## THE DATA
• • •
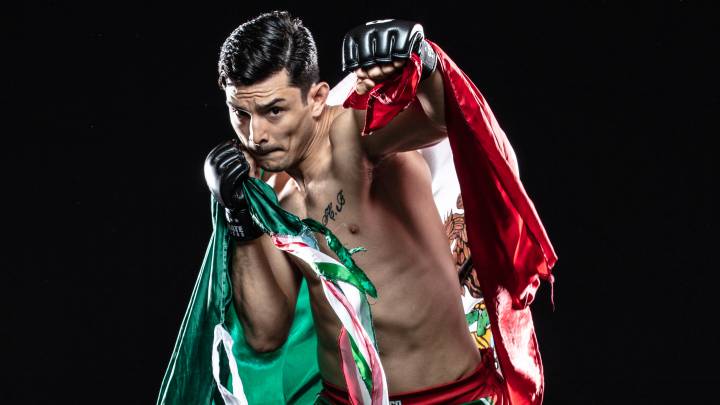 Alejandro Flores en una sesión fotográfica portando una bandera de México.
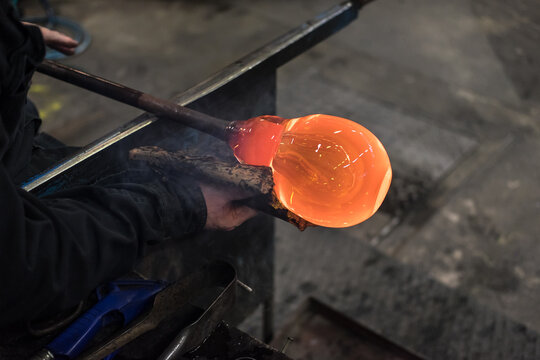 Spinning iron tube with which glass is blown, with a red-hot lump of liquid glass, one of which is formed a wine glass with a wad of wet newspaper in a glassworks in Kosta, Sweden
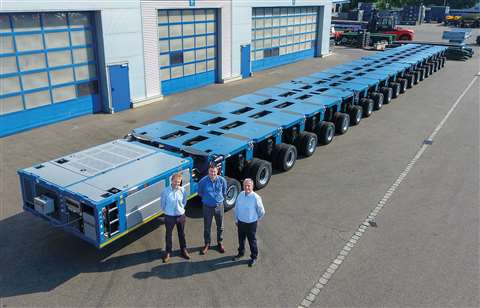 Jan and Carl Sarens with Horst Häfele, head of product management at Goldhofer, outside the plant in Memmingen
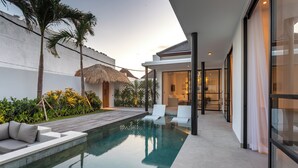 A modern outdoor pool area with a thatched-roof structure, a wooden deck, and a glass-enclosed lounge area. - Villa Lapis by Villa Finder (Canggu)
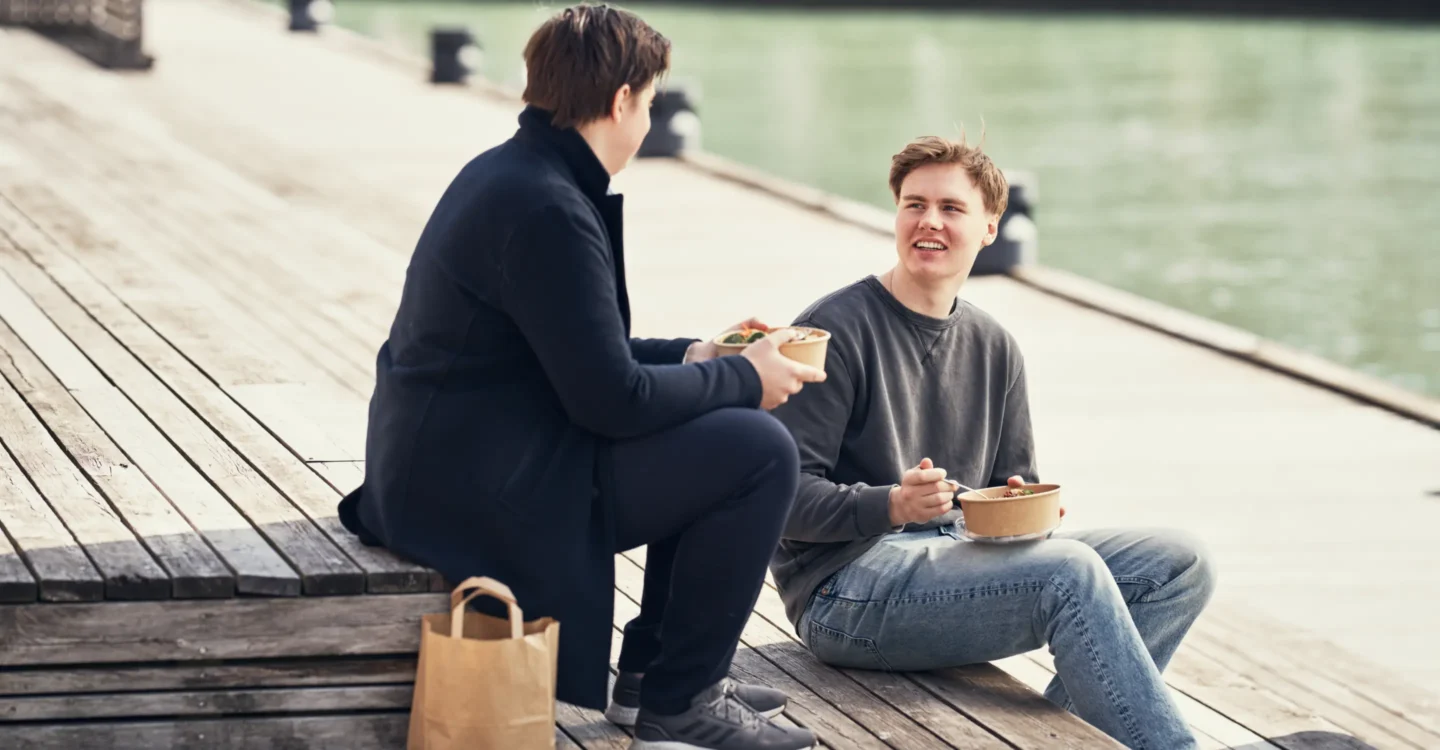 Two students eating lunch by the dock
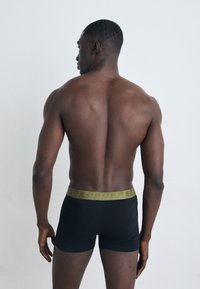 Sorte boxershorts med et mønstret olivengrønt liv, der viser et kropsnært design. Stoffet virker glat og strækbart.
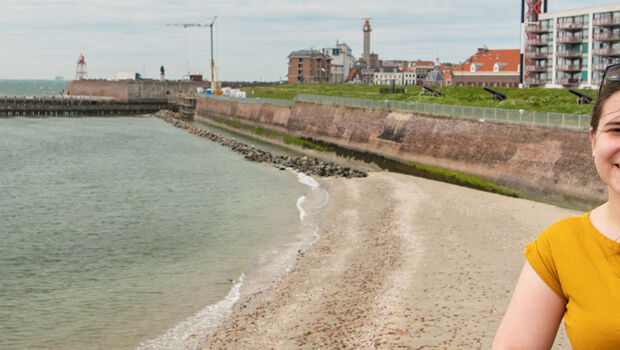 Two female international students are looking over the sea with the skyline of Vlissingen, Zeeland, The Netherlands, in the background/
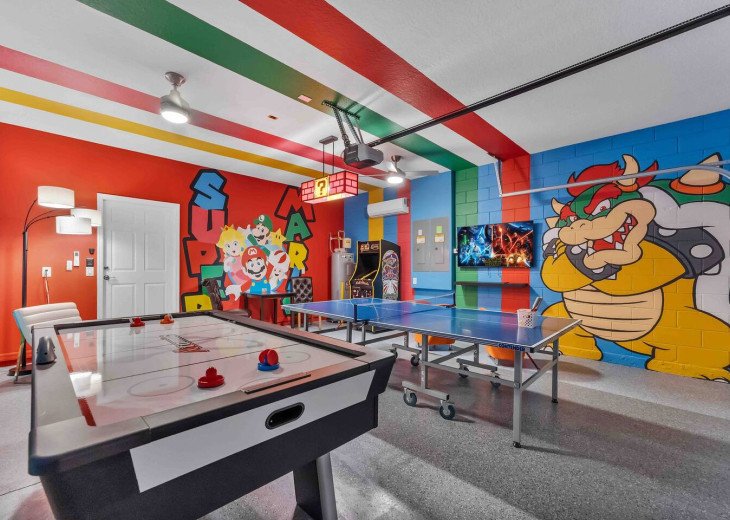 Super Mario Bros. game room with arcade, air hockey, and ping pong.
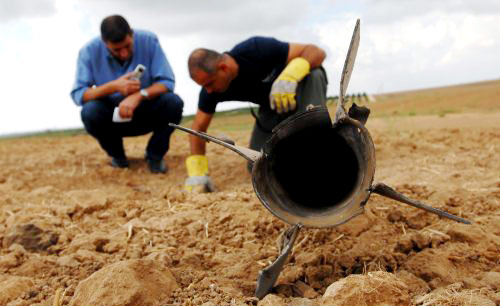 خبيران إسرائيليان يتفحصان صاروخاً سقط على سيدروت أمس (رويترز)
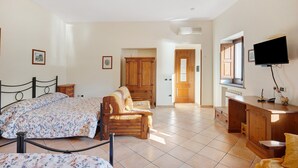 A bedroom with a bed, a wooden chair, a desk, and a television. - Room 'Capri Con Vista Monti E Cortile' with Shared Terrace, Shared Garden and Wi-Fi (Castello)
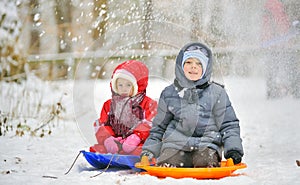 Kids sit on sled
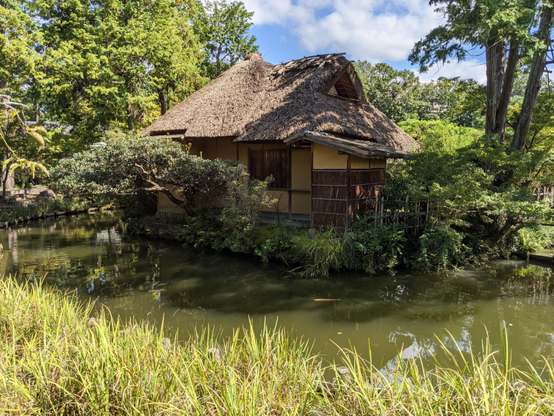 Thatched hut on an island in the pond at Umenomiya Taisha.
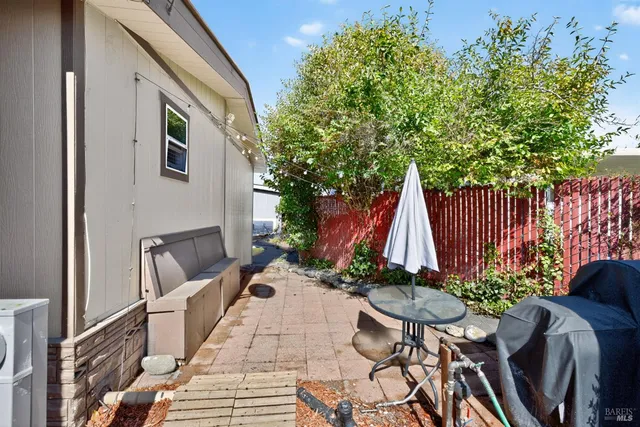 a view of backyard with table and chairs and potted plants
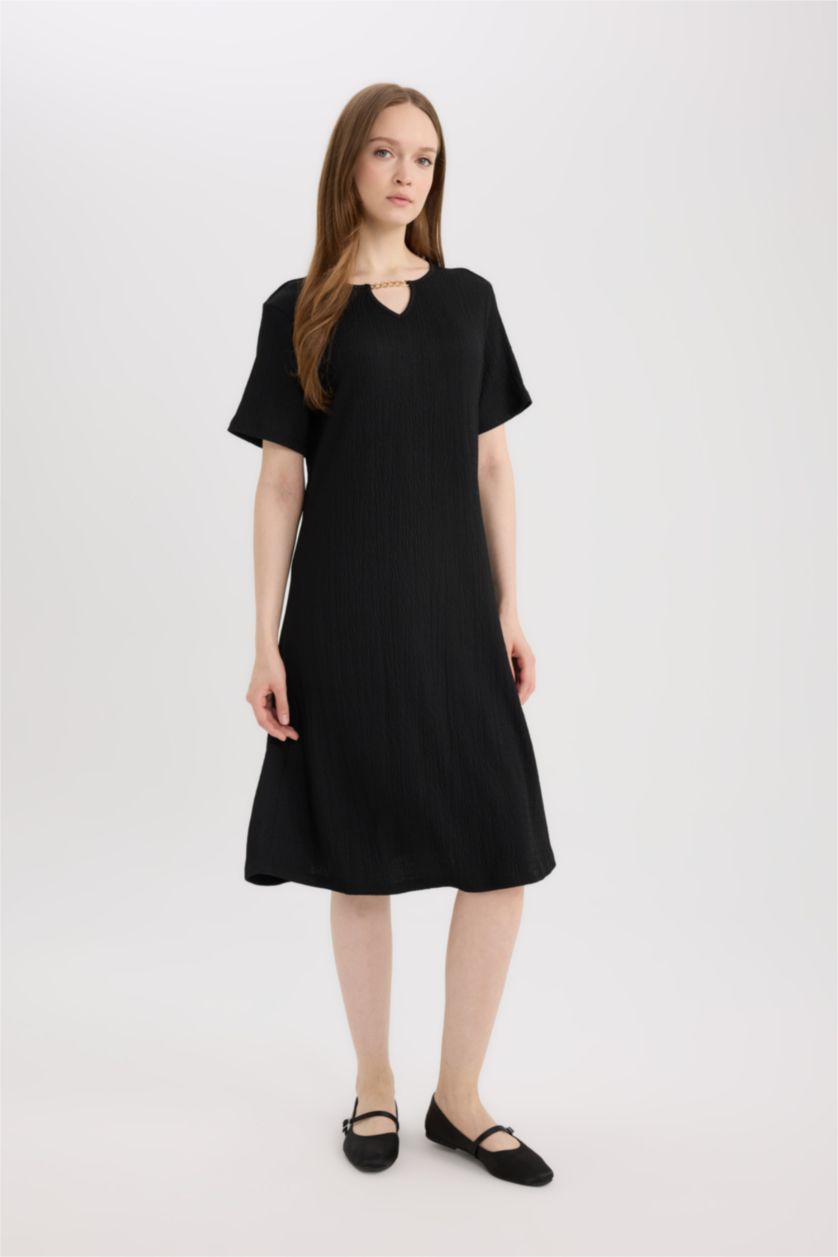 نساء أسود فستان قصير منسوج قصة عادية بياخة مستديرة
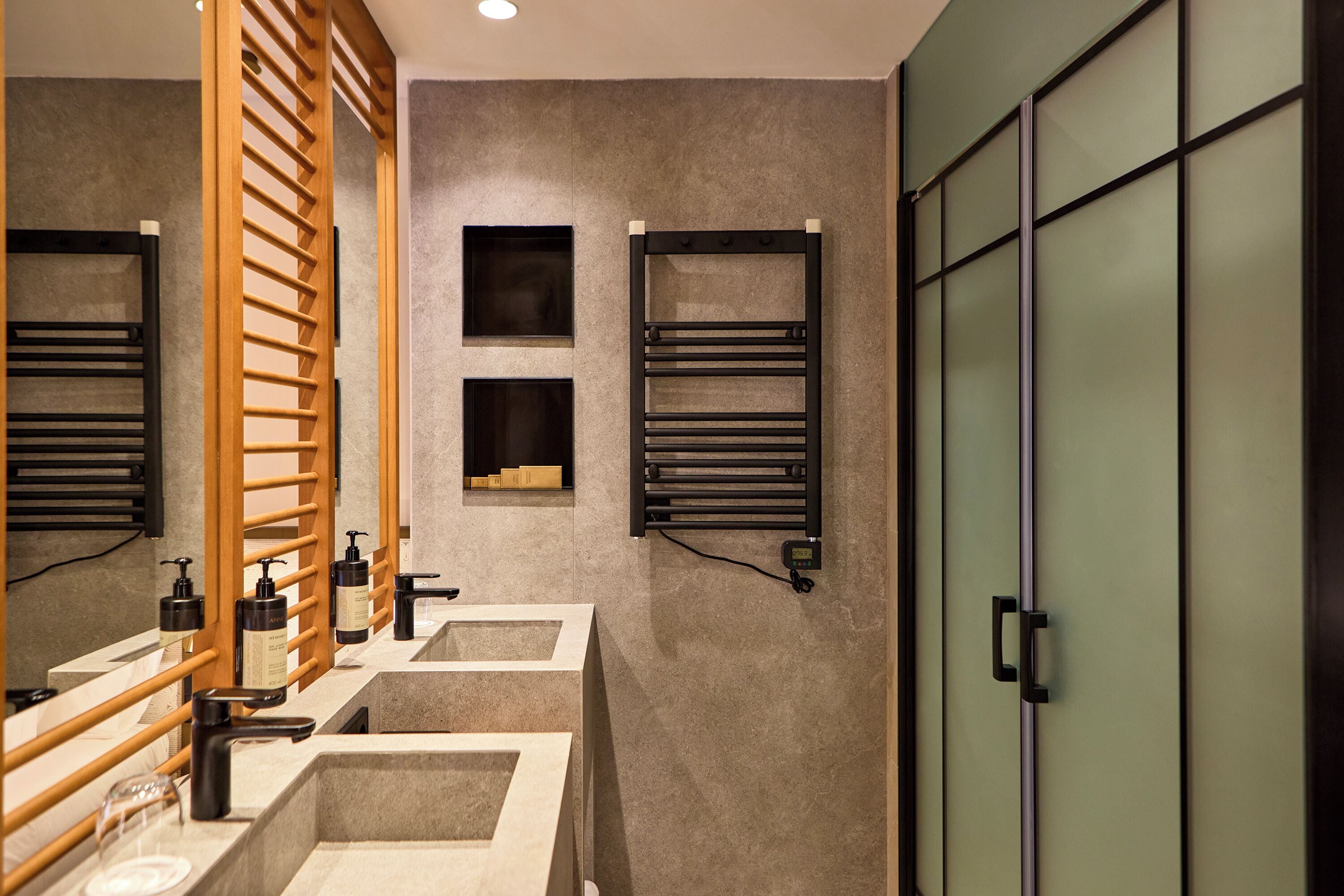 A modern bathroom with two sinks, wooden towel racks, and a large mirror.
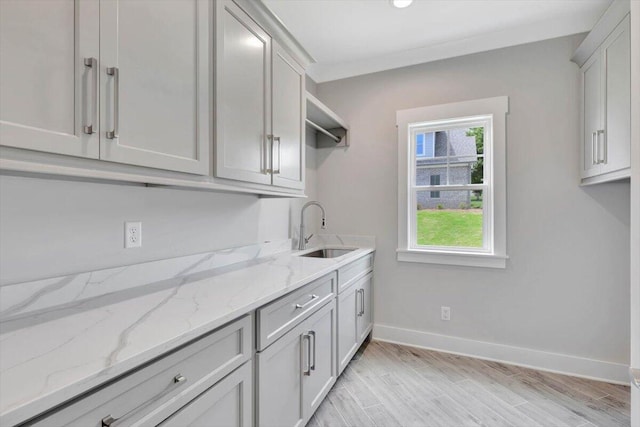 laundry room featuring crown molding, light hardwood / wood-style flooring, and sink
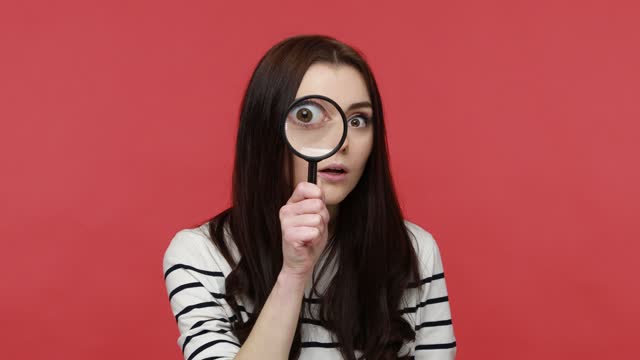 Portrait of woman looks into camera through magnifying glass, inspects something, private detective.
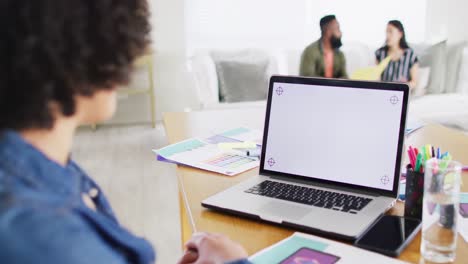 Mujer-Birracial-Haciendo-Videollamadas-Con-Laptop,-Copiando-Espacio-En-Pantalla,-Colegas-Detrás,-Cámara-Lenta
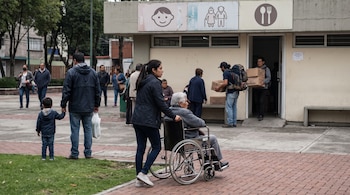 Grupo de personas en plaza pública. Mujer empuja silla de ruedas con adulto. Hombre lleva niño de la mano. Otro hombre entrega cajas. Edificio con letreros de servicios comunitarios.
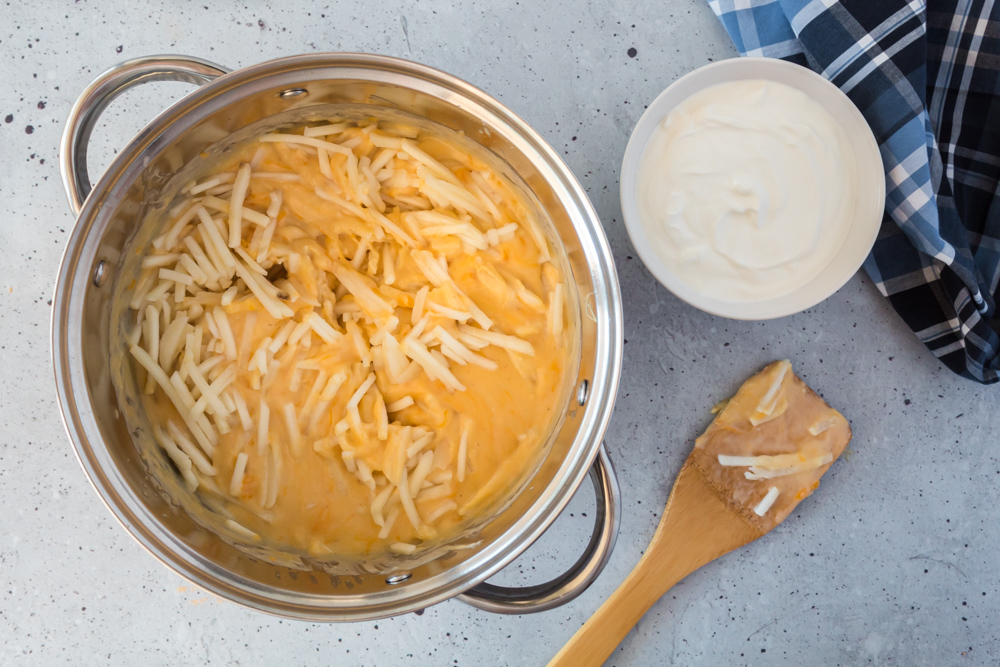 A metal pot with frozen hash browns and a cheese sauce with a white bowl of white liquid on the side with a wooden spoon on the side.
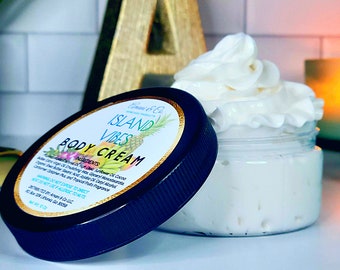 May include: A black jar with a white lid and a label that reads "Island Vibes Body Cream". The jar is filled with a white, whipped cream. The label has a pineapple and a coconut on it.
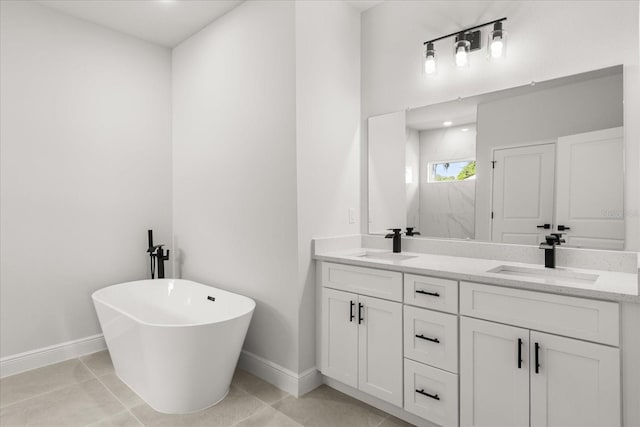 1970 SW 160th Pl, Ocala, FL 34473 - bathroom with double vanity, a freestanding tub, and tile patterned floors
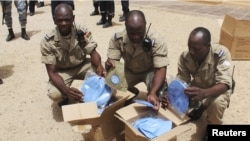 Burkinabe soldiers, part of the MISMA African forces in Mali, receive blue berets to signify the change of mission command to the UN in Timbuktu, June 30, 2013.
• • •
## THE TASK
Copy only what lies between the line with "Two students eating lunch by the dock" and the line with "Sorte boxershorts med", those two lines included, exactly as given above; pictures stay out.

## EXERCISE RESULT
 Two students eating lunch by the dock
 Sorte boxershorts med et mønstret olivengrønt liv, der viser et kropsnært design. Stoffet virker glat og strækbart.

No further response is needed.